He was devoted body and soul to his Italian lot to such an extent that every other one seemed insufferable to him. On his former journey, the cliffs and mountains of Tyrol had interested, yea, delighted him, and now, on his return to the fatherland, he felt terrified, as if he were being dragged through the Cimmerian portal and convinced of the impossibility of continuing his journey.
DEPARTURE
And thus upon the highest pinnacle of happiness that he could himself have wished for, he departed this earth. His fatherland awaited him, his friends stretched their arms toward him; all the expressions of love which he so deeply needed, all testimonials of public honor, which he valued so highly, awaited his appearance, to be heaped upon him. And in this sense we may count him happy, that from the summit of human existence he ascended to the blessed, that a momentary shock, a sudden, quick pain removed him from the living. The infirmities of old age, the diminution of mental power, he did not experience; the dispersal of the treasures of art, which he had foretold, although in another sense, did not occur before his eyes. He lived as a man and departed hence as a complete man. Now he enjoys in the memory of posterity the advantage of appearing only as one eternally vigorous and powerful; for in the image in which a man leaves the earth he wanders among the shadows, and so Achilles remains for us an ever-striving youth. That Winckelmann departed so early, works also to our advantage. From his grave the breath of his power strengthens us, and awakens in us the intense desire always to continue with zeal and love the work that he has begun.
MAXIMS AND REFLECTIONS OF GOETHE[5]
TRANSLATED BY BAILEY SAUNDERS
There is nothing worth thinking but it has been thought before; we must only try to think it again.
How can a man come to know himself? Never by thinking, but by doing.
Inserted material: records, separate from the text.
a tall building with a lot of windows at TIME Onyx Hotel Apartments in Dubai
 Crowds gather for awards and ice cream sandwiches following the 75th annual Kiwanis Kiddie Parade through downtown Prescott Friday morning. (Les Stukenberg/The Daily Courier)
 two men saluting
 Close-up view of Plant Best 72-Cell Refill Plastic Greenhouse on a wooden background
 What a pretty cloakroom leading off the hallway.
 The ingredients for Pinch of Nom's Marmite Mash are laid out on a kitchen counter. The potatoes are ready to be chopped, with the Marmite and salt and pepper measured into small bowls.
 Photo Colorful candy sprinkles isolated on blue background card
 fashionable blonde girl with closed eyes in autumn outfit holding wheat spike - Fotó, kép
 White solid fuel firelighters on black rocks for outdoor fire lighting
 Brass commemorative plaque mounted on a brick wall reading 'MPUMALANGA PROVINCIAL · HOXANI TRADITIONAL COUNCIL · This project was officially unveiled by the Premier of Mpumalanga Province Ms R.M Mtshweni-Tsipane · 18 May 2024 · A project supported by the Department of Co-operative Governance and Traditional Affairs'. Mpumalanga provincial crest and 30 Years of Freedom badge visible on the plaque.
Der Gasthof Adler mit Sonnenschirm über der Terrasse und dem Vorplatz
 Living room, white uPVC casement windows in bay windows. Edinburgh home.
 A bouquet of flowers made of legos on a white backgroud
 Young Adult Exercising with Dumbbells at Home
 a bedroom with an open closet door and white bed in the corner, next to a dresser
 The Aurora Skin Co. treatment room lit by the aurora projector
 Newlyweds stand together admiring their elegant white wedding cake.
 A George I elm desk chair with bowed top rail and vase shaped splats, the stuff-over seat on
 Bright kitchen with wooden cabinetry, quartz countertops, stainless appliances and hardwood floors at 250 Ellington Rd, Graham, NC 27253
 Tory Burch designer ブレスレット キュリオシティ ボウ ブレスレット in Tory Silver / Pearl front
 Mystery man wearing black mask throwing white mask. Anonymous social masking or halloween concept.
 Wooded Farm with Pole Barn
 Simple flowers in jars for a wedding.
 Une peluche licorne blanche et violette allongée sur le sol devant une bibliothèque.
Try to do your duty, and you will know at once what you are worth. But what is your duty? The claims of the day.
The longer I live, the more it grieves me to see man, who occupies his supreme place for the very purpose of imposing his will upon nature, and freeing himself and his from an outrageous necessity—to see him taken up with some false notion, and doing just the opposite of what he wants to do; and then, because the whole bent of his mind is spoilt, bungling miserably over everything.
In the works of mankind, as in those of nature, it is really the motive which is chiefly worth attention.
In Botany there is a species of plants called Incompletae; and just in the same way it can be said there are men who are incomplete and imperfect. They are those whose desires and struggles are out of proportion to their actions and achievements.
It is a great error to take oneself for more than one is, or for less than one is worth.
From time to time I meet with a youth in whom I can wish for no alteration or improvement, only I am sorry to see how often his nature makes him quite ready to swim with the stream of the time; and it is on this that I would always insist, that man in his fragile boat has the rudder placed in his hand, just that he may not be at the mercy of the waves, but follow the direction of his own insight.
If I am to listen to another man's opinion, it must be expressed positively. Of things problematical I have enough in myself.
Piety is not an end, but a means: a means of attaining the highest culture by the purest tranquility of soul. Hence it may be observed that those who set up piety as an end and object are mostly hypocrites.
Reading ought to mean understanding; writing ought to mean knowing something; believing ought to mean comprehending; when you desire a thing, you will have to take it; when you demand it, you will not get it; and when you are experienced, you ought to be useful to others.
The stream is friendly to the miller whom it serves; it likes to pour over the mill wheels; what is the good of it stealing through the valley in apathy?
Theory is in itself of no use, except in so far as it makes us believe in the connection of phenomena.
"Le sens common est le genie de l'humanite." Common-sense, which is here put forward as the genius of humanity, must be examined first of all in the way it shows itself. If we inquire the purpose to which humanity puts it, we find as follows: Humanity is conditioned by needs. If they are not satisfied, men become impatient; and if they are, it seems not to affect them. The normal man moves between these two states, and he applies his understanding—his so-called common sense—to the satisfaction of his needs. When his needs are satisfied, his task is to fill up the waste spaces of indifference. Here, too, he is successful, if his needs are confined to what is nearest and most necessary. But if they rise and pass beyond the sphere of ordinary wants, common-sense is no longer sufficient; it is a genius no more, and humanity enters on the region of error.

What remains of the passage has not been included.